The Ford Motor Company and automotive components specialist, Schaeffler have unveiled a Ford Fiesta-based 'eWheelDrive' car, a driveable research vehicle that could lead to improvements in urban mobility and parking by making possible smaller, more agile cars.

Powered by independent electric motors in each of the rear wheels, eWheelDrive technology offers space under the bonnet that in conventional cars is occupied by the engine and transmission, and in electric cars by a centrally located electric motor.

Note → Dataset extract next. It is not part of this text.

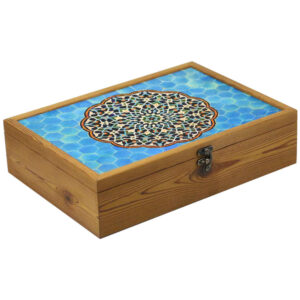 Tile Motif Wooden Tea Organizer – Elegant Box with Compartments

The design team believes this technology could in the future support the development of a four-person car that only occupies the space of a two-person car today. At the same time, eWheelDrive steering system designs could enable vehicles to move sideways into parking spaces – a potential breakthrough as cities become more populated and congested. Pim van der Jagt, Ford’s director of research & advanced engineering in Europe takes up the story:

“This is an exciting project to work on with Schaeffler because it potentially opens new options for the development of zero emission vehicles with very efficient packaging and exceptional manoeuvrability. Looking forward, we have the opportunity to scope out the vehicle’s capabilities and how we might overcome some of the challenges presented by implementing the technology.”

With in-wheel motors, the components required for drive, deceleration and driver assistance technologies are installed in an integrated wheel hub drive – including the electric motor, power electronics, controller, braking and cooling systems. 

The output of each liquid-cooled, 360-420V wheel hub drive is 40kW. In its second (Beta) stage of development, it also delivers up to 700Nm of torque. Compared with the first-generation (Alpha) wheel hub drive, which was first exhibited in Schaeffler's Opel Corsa-based Schaeffler Hybrid concept car in 2010, the Beta version output is up by a third, and it delivers 75 percent more torque.

The drive has a total weight of 53kg, so there is a weight increase compared to a conventional wheel with a wheel bearing and brake of 45kg, and it outweighs its Alpha-generation predecessor, which still featured power electronics installed in the vehicle, by an additional six kilograms.

“Overall, we were able to reduce the vehicle weight once again”, explains Dr. Raphael Fischer, director of the wheel hub drives product group in Schaeffler’s eMobility systems division. “This is because, in addition to the liquid cooling, the power electronics and controller can now be integrated into the wheel, which means that the complex wiring in the vehicle can be omitted."

“This highly integrated wheel-hub drive makes it possible to rethink the city car without restrictions; and could be a key factor in new vehicle concepts and automobile platforms in the future,” says Schaeffler’s chief technology officer, Professor Peter Gutzmer. “For electric vehicles used in urban environments, which may become obligatory in many densely populated areas, the wheel hub drive makes previously unheard-of space savings possible.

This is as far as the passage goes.